Association of TNF-α polymorphisms in Crohn disease

• Published in: Human immunology Vol. 66; no. 1; pp. 56 - 59
• Main Authors: Zipperlen, Katrin, Peddle, Lynette, Melay, Bill, Hefferton, Donna, Rahman, Proton
• Format: Journal Article
• Language: English
• Published: United States Elsevier Inc 2005
• Subjects: association studies; Crohn disease; Crohn Disease - etiology; Crohn Disease - genetics; DNA Primers - genetics; Genetic Linkage; Genetic Predisposition to Disease; Humans; Newfoundland and Labrador; Polymorphism, Single Nucleotide; TNF-α; Tumor Necrosis Factor-alpha - genetics; Newfoundland and Labrador; TNF-α; association studies; Crohn disease
• ISSN: 0198-8859; 1879-1166
• DOI: 10.1016/j.humimm.2004.10.004

Clinical and molecular studies implicate tumor necrosis factor alpha (TNF-α) as a key mediator in the initiation and propagation of Crohn disease (CD).
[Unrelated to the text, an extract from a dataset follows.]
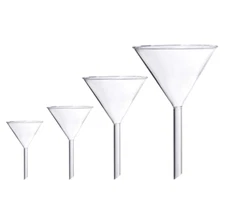 Lab Borosilicate Glass Funnel Set Funnels Smooth Edges Surface Reusable 4 Pack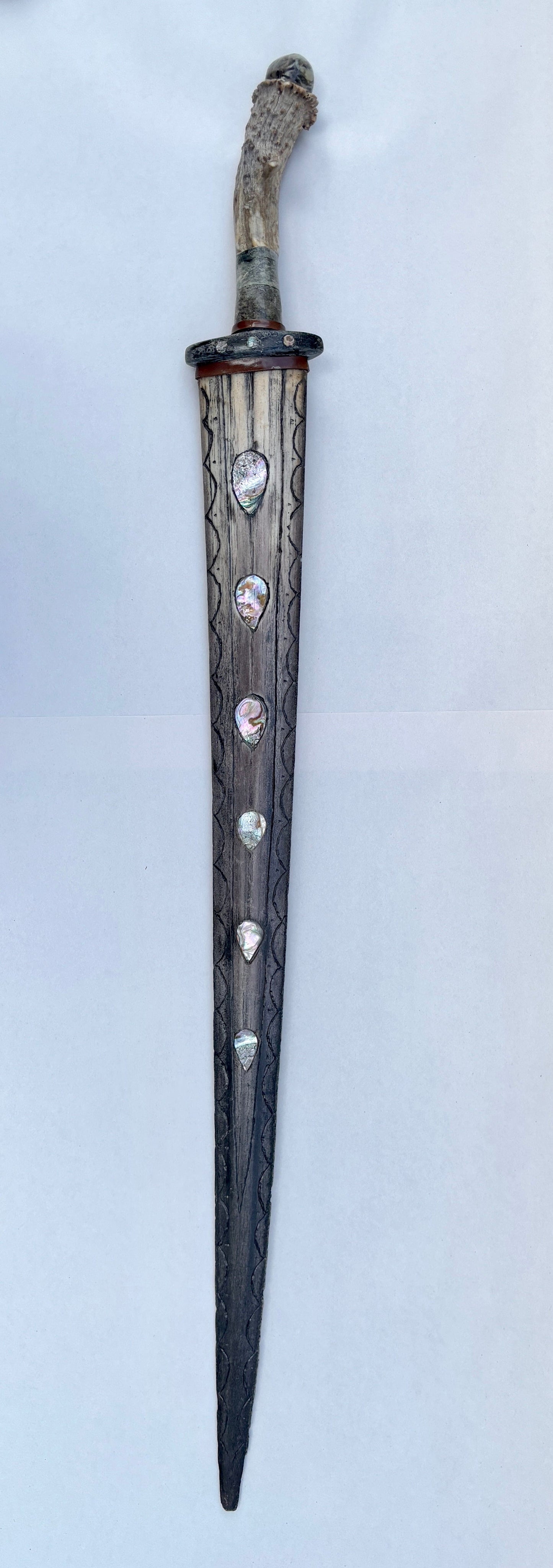 Swordfish Bill Sword - Wall Sculpture BUCK LOPEZ Consignment Tear Drop Abalone with Etched Scallop design: 40"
Genetic associations have been documented between promoter polymorphisms of TNF-α and CD; however, these associations have not been universally replicated. In this study, we set out to examine the association of five promoter TNF-α polymorphisms in CD subjects from a founder population. In total, 128 CD subjects and 103 ethnically matched healthy controls were genotyped with time-of-flight mass spectrometry for the following five single nucleotide polymorphisms (SNPs) in the 5′ flanking region of TNF-α gene: -1031 (T→C), -863 (C→A), -857 (C→T), -308 (G→A), and -238 (G→A). Primer sequences, termination mixes, and multiplexing were determined with Sequenom SpectroDESIGNER software v1.3.4. The minor allele frequency for the TNF-α SNPs in subjects with CD and healthy controls, respectively, were -238 (5.5% vs. 5.3%); -308 (17.6% vs. 18.9%); -857 (5.1% vs. 7.8%); -863 (19.1% vs. 17.5%), and -1031 (24.6% vs. 22.8%). Thus, none of the TNF-α variants was associated with CD. Furthermore, no genotype/phenotype correlations were observed for the mutant allele of the TNF-α variants and selected clinical outcomes. In conclusion, there was no significant association for any of the TNF-α promoter polymorphism tested and CD in the Newfoundland population.